Christmas knotted-shaped breads (Colaci de Craciun or Craciunei), considered sacred food are made of leaven and had at ritual feasts, given to the waits and to the spirits of the dead people as a funeral repast. They can be circle, horseshoe or star-shaped standing for the Sun, the Moon and the stars, doll and figure-shaped standing for the body of Indo-European and Christian divinity, filled-circle shaped without any hole in the middle standing for the Neolithic geomorphologic divinity and sacred animal and bird-shaped (bull and hoopoe shaped).
Depending on the shapes, names or decorative patterns, on the moments of giving, of keeping and the ritual context of using them, Christmas knotted-shaped breads stand for the sacrifice of the wheat spirits, the sacrifice of the divinity that dies and revives together with time, at the New Year’s Eve, the job, the age, sex and social statute of the one that offers or receives the knotted-shaped breads, the end of the agrarian and pastoral activities and the prediction of harvests.

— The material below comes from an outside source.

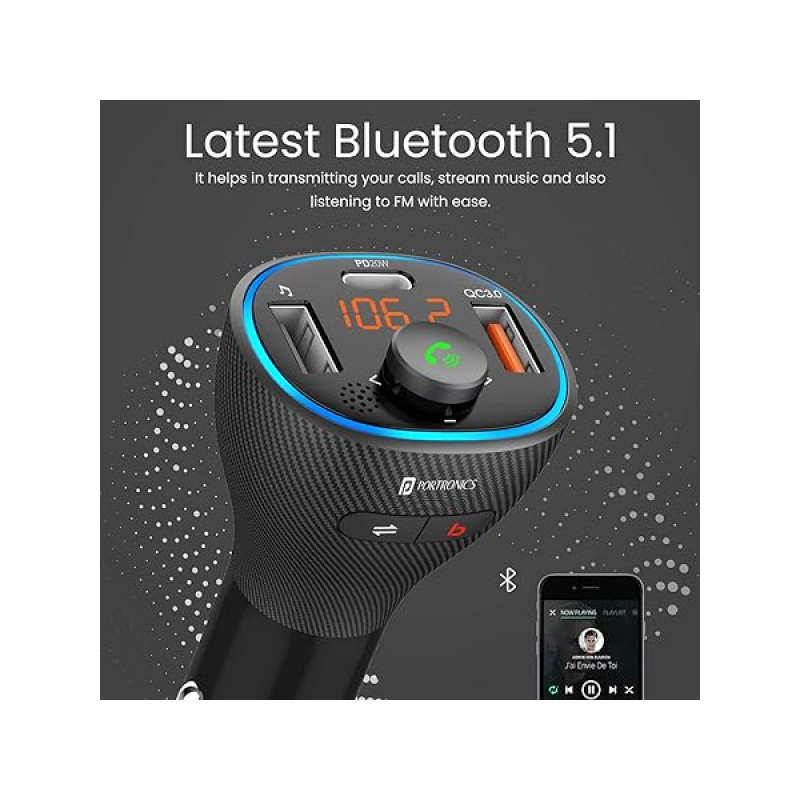 Portronics Auto 15 Bluetooth - FM Transmitter in-Car Radio Adapter for Hands-Free Calling | Black Portronics Auto 15 Bluetooth - FM Transmitter in-Car Radio Adapter for Hands-Free Calling | Black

The baking, good wishes, receiving, tearing and using knotted shaped bread are ceremonial moments of deep spiritual feelings, loaded by many practices and prehistoric beliefs. Baking Christmas knotted-shaped bread is one of the most stable and respected Romanian customs.
After we leaven bread by hands, tearing it into pieces that are turned into finger-thick strips out of which the cracknels are knotted - the ones made out of one strip, the ones made of 2 strips and the ones made of two knotted strips surrounded by another strip. They will be given to the waits, relatives and they will adorn the Christmas Eve dishes or they will be given as funeral repast.

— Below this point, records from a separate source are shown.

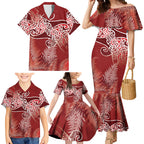 Aotearoa Maori Koru Curves Family Matching Mermaid Dress and Hawaiian Shirt Silver Ferns - Crimson Red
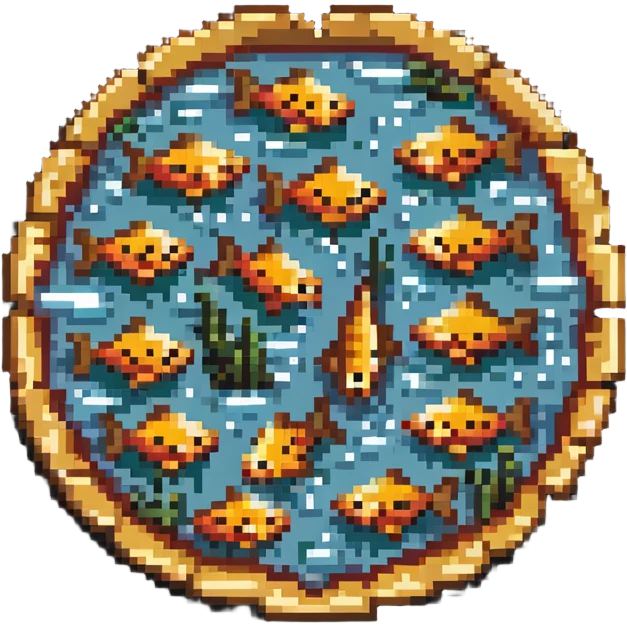 Fish pizza with fish toppings on a pizza crust, 8-bit style emoji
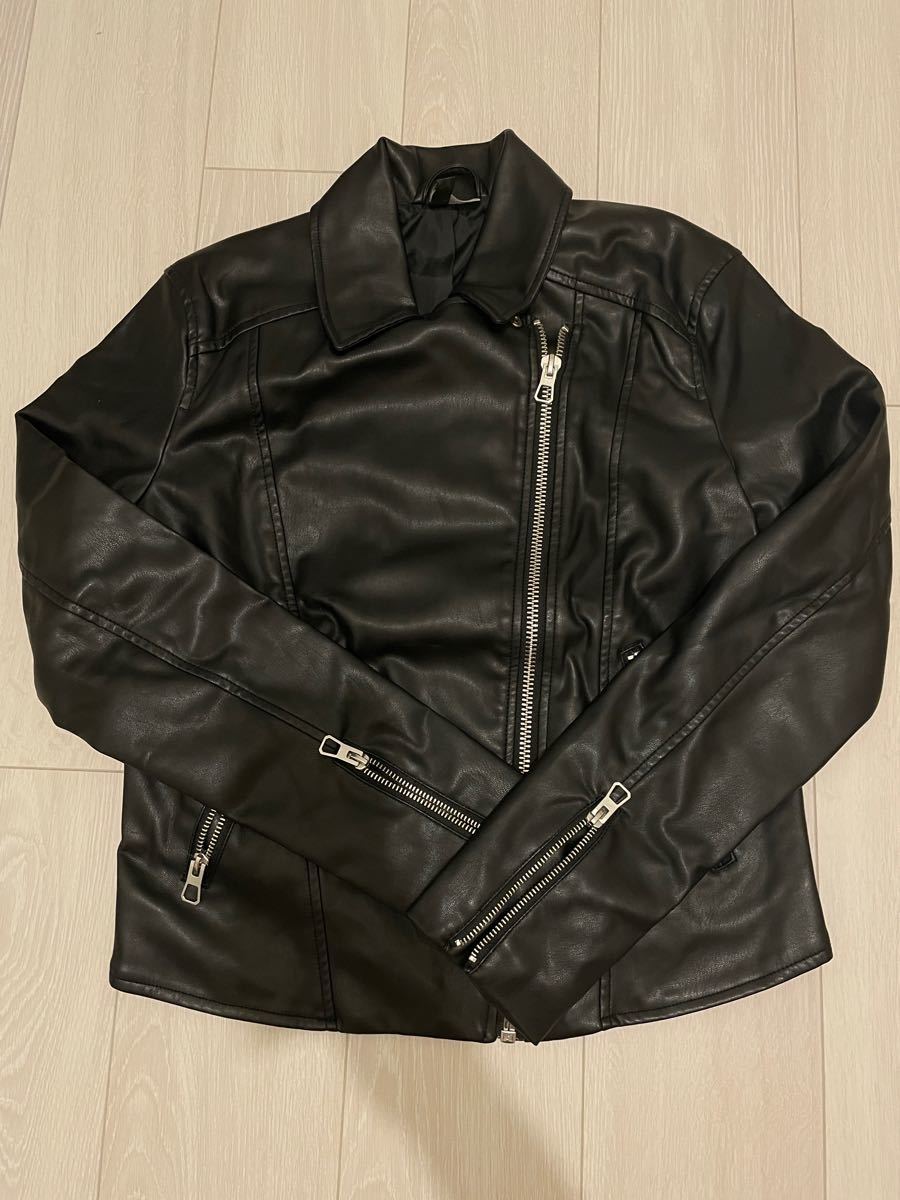 H&M  レザージャケット　ブラック　mサイズ　 レディースジャケット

The flat cakes are considered sacred food and they stand for the wheat spirits. They are usually baked in the South and East of Romania. Resembling the azymes, they have a very simple composition: wheaten flour mixed with salted and warm water without using any ferments. The dough is pulled into little pastes by hands or by stirring stick and, then, it is baked on the kitchen range of the stove or, solemnly, on the red-hot ploughshare.
The first flat cake of a year that a Romanian cooks is named turta-vacii (the cow flat cake). It is baked on the Epiphany and not till then, when it is given together with the bran to the cow in order to eat them, thinking that the cow is going to have a lot of milk during the year.